Das Chilbi-Zügli führt durch die Strassen der Vorstadt. Hinter dem Fähnrich mit der Bruderschaftsfahne wird dieses angeführt durch den Venner, gefolgt von den Harnischmannen, welche die Solothurner Krieger anlässlich der Schlacht bei Dornach darstellen. Diese werden gefolgt vom Vortänzerpaar, anschliessend sind die schmucken Herren des Vorstandes zu sehen. Anlässlich der Chilbi sind diese in Cut und Zylinder gekleidet, bei auswärtigen Anlässen verfügt die Bruderschaft ebenfalls über historische Kostüme.

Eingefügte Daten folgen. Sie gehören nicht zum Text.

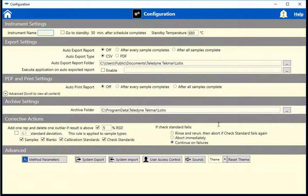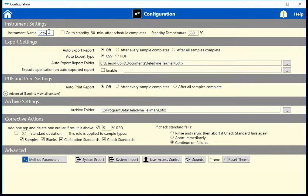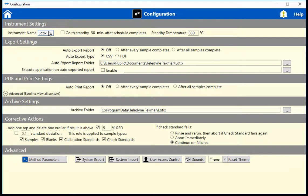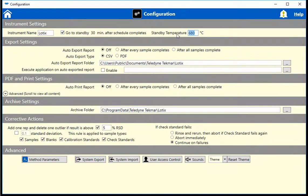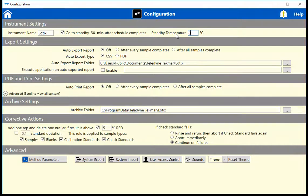The instrument name can be entered under the Instrument Settings section. You can also choose to have the instrument go into a standby mode 30 minutes after the schedule has completed, at which time the temperature of the furnace will change to the temperature set here. If you would like the furnace to turn off to save energy, set the temperature box to 0 degrees C. The carrier gas will automatically be turned off if the box is checked.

Hinter dem Vorstand ziehen die Pfannenkinder immer wieder staunende Blicke auf sich. Sie laufen mit geschwärzten Pfannen am Strassenrand und machen damit Platz für die Chilbi-Gesellschaft. Hinter den Pfannenkindern folgt der Bräntenmann. Wie es der Name sagt, führt er eine Bränte, gefüllt mit Spittelwein, mit sich. Die Weinkredenzer verteilen in eigenen Kelchen diesen Wein an die Gemeinde. Anschliessend folgen die Mitglieder der Bruderschaft und die geladenen Gäste.

An diversen Plätzen spielt die Kapelle Gebrüder Reber zum Tanz auf, wobei der erste Tanz immer vom Vortänzerpaar eröffnet wird. Ebenso wird auf der Kreuzacker- und der Wengibrücke getanzt, allerdings nur bis in die Mitte. Diese beiden Tage gehören – wie bereits erwähnt – der „Minderen Stadt“ und man zeigt damit an, dass die „Mehrere Stadt“ dann in der Vorstadt nichts zu sagen hat.

Seit einigen Jahren erfolgt die sogenannte „Bräntelärete“ im Oberen Winkel. Hier offeriert die Bruderschaft zusätzlich Bier und Brezel, welche einen grossen Zuspruch erhalten.

Im Anschluss daran kehrt man in die Vorstadt-Tavernen ein, wo wiederum für das leibliche Wohl gesorgt ist. Um 20.00 Uhr geht es nämlich weiter mit dem Chilbi-Tanz im Restaurant Aaregarten. Auch hier gehört der erste Tanz dem Vortänzerpaar. Bis in die späten Stunden wird getanzt, getrunken und diskutiert, bis sich die Gesellschaft früher oder später auflöst, denn die Brüder müssen am nächsten Tag für die Generalversammlung, die „Saure Leber“, wieder gerüstet sein.